President Ford described Robinson's selection as “welcome news for baseball fans across the nation” and a “tribute to you personally, to your athletic skills and to your unsurpassed leadership.” Attending the news conference were Bowie Kuhn, the Commissioner of Baseball, and Lee MacPhail, the president of the American League.

“We got something done,” Kuhn commented, “that we should have done before.”

Wearing a black and white plaid suit with a vest, Robinson attempted to reduce his sociological burden.


“The only reason I'm the first black manager is that I was born black,” he said calmly. “That's the color I am.
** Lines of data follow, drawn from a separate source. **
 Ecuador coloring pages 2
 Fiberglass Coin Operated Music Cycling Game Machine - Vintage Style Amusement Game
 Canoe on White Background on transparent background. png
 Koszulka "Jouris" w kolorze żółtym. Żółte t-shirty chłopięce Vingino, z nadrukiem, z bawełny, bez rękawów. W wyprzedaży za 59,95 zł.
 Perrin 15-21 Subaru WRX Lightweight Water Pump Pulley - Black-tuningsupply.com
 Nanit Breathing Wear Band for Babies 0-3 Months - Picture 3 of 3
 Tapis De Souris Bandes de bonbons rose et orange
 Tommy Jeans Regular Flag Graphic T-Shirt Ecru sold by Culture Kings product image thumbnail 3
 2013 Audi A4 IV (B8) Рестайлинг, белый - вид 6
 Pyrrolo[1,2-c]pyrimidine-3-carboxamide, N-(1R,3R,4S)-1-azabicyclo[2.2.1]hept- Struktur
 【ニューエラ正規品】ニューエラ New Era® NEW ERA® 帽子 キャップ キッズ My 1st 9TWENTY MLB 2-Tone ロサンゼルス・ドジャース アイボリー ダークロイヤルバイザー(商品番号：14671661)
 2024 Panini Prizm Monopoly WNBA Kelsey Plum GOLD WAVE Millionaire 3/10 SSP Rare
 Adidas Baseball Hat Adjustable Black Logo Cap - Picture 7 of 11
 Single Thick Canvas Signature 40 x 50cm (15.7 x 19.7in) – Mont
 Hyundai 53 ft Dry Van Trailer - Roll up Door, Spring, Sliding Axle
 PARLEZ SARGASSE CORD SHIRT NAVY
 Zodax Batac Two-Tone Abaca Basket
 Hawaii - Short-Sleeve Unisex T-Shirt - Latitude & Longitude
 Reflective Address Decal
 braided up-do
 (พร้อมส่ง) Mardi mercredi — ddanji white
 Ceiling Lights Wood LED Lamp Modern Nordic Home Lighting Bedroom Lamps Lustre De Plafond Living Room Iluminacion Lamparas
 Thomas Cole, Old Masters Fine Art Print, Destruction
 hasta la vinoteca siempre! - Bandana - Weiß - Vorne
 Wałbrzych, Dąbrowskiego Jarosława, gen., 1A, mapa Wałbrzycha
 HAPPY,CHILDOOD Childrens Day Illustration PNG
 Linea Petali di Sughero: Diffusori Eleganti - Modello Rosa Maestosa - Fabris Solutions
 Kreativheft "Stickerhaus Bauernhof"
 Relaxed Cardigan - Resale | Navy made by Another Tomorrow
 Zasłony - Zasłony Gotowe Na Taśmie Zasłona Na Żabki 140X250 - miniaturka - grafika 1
I'm not a superman, I'm not a miracle worker. Your ballplayers determine how good a team you have. I might influence the ballplayers to some extent, but if we have a good team, they deserve the credit. If a ball club fails, I think the manager should be held responsible. I want to be judged by the play on the field.”

Asked if he foresaw any additional pressure on him to succeed as a black manager, he replied:

“I don't see any pressure. I don't see any goals I have to achieve as the first black manager. The pressure from within is not there.”

Robinson spoke those words to start his first managerial job. His final one ended in the District at the end of the 2006 season. An inspirational first half of the 2005 season engaged a longing baseball crowd. The team receded following the All-Star break, leaving Robinson to wish he was more adamant in his push for reinforcements before the trade deadline that season. The potent first half allowed the team to finish an unexpected 81-81. But, the following year brought a dip to 71-91, closing Robinson’s time in Washington as well as his managerial career. 

By then, Robinson was 70 years old, having entered Major League Baseball 50 years prior on April 17, 1956, as a 20-year-old hitting seventh and playing left field at Cincinnati’s Crosley Field. Vinegar Bend Mizell won the game, Joe Nuxhall lost, and Frank Robinson began one of baseball’s great journeys with a telling double in his first at-bat.